There are rattling rhythms, to be sure, in standout cuts like “Quitters Never Win," “Desitively Bonnaroo" and “(Everybody Wanna Get Rich) Rite Away"; but also bubbling slow-burners and soaring sing alongs called “Stealin,'" “Go Tell the People" and, of course, “Sing Along Song"; then these weirdly effective gumbos like the voodoo balladry of “What Comes Around Goes Around," the boozy blue-eyed R&B of “R U 4 Real?" and the toe-curling rhumba “Mos' Scocious." Dr. John (nee Mac Rebennack) even pays deft tribute to his forebears with a spiralling Professor Longhair piano riff on Earl King's feel-good anthem “Let's Make a Better World."

Meanwhile, the Meters are reliably soulful but note-perfectly restrained. George Porter Jr. adds a chicken-fried bass line to “Rite Away," perhaps only topped by guitarist Leo Nocentelli's nasty little riff on “Can't Get Enough." Then there's Art Neville, perfectly hushed at the organ on “Me Minus You Equals Loneliness." Toussant has never been more nimble arranging the brass, either, mimicking the Meters' stuttering okey-doke on “Stealin,'" then adding a brilliant street-funeral wheeze to “What Comes Around (Goes Around)."

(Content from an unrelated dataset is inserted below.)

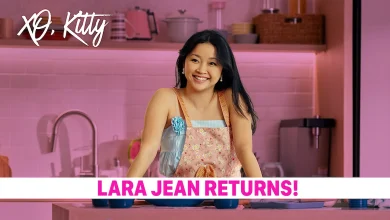 Lana Condor Returns as Lara Jean in XO, Kitty Season 3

Stirred together at Toussaint's Sea-Saint Studios in New Orleans, Bonnaroo is the sound of a group of musicians in perfect sync. And, yeah, having a ball. Dr. John has rarely sounded more loose, more committed. “High steppin' mama!" he crows at one point, with a singing voice like a knotty live-oak knee. “Better keep on foxin' with your foxy self!" Nearby, this slinky, coolly salacious backup singers match Dr. John and Co., wail for wail: “Give me what you got for me!"

For all its musical delights, Bonnaroo might just be this swampland supergroup's best party record, too.



Dr. John and the original Meters will appear at this year's Bonnaroo Festival, along with a reunited Buffalo Springfield and others, and are reportedly set to recreate this album in its entirety. Named after a south Louisiana expression meaning roughly “better than the best," Desitively Bonnaroo later gave the Tennessee-based music event its name.